▶ Task details
Repeat each entry exactly; omit all pictures.

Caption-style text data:
----------

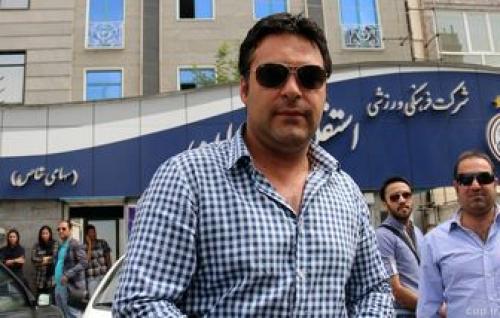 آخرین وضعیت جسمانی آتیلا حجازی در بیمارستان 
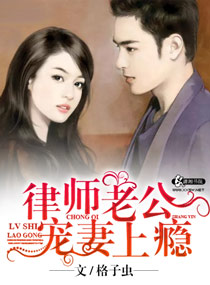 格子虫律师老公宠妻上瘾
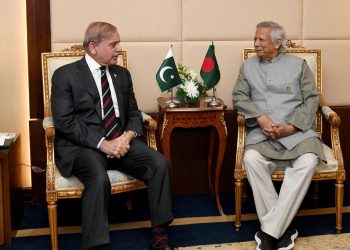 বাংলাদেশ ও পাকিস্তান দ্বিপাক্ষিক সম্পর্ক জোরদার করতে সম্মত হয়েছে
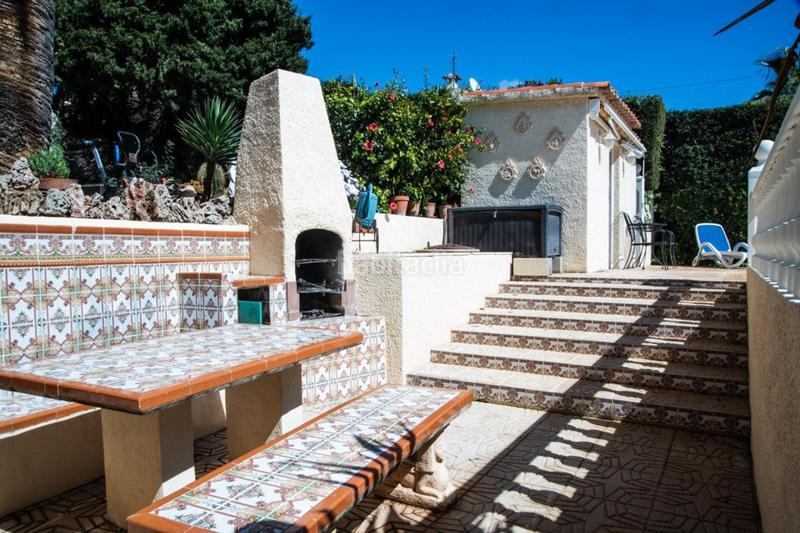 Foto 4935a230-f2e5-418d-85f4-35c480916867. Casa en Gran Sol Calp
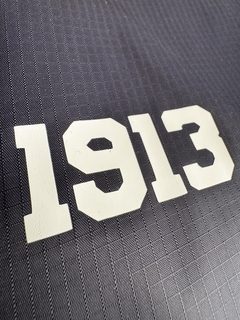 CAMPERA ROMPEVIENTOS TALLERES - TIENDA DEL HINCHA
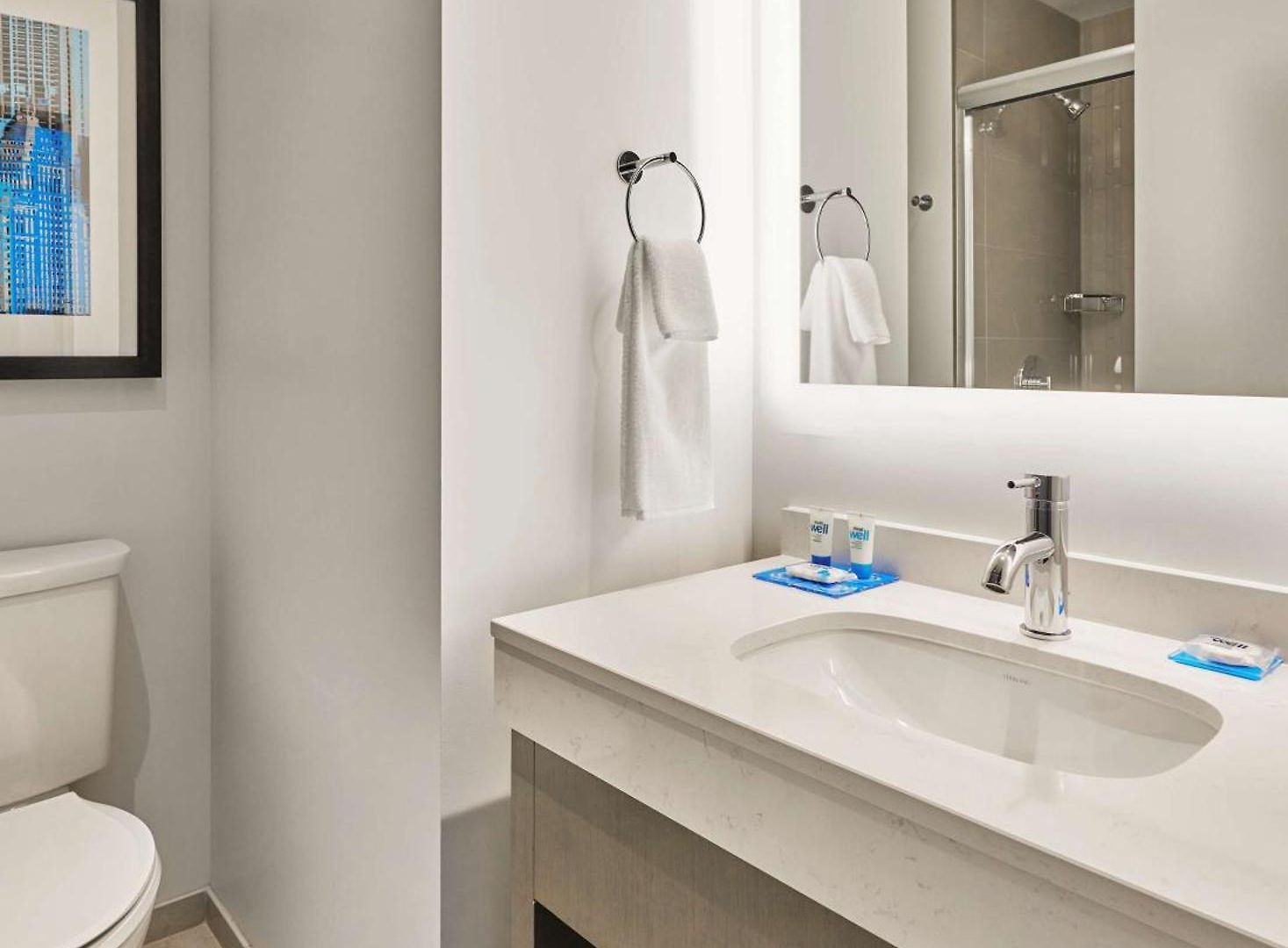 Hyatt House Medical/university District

----------

▶ Worked solution
 آخرین وضعیت جسمانی آتیلا حجازی در بیمارستان 
 格子虫律师老公宠妻上瘾
 বাংলাদেশ ও পাকিস্তান দ্বিপাক্ষিক সম্পর্ক জোরদার করতে সম্মত হয়েছে
 Foto 4935a230-f2e5-418d-85f4-35c480916867. Casa en Gran Sol Calp
 CAMPERA ROMPEVIENTOS TALLERES - TIENDA DEL HINCHA
 Hyatt House Medical/university District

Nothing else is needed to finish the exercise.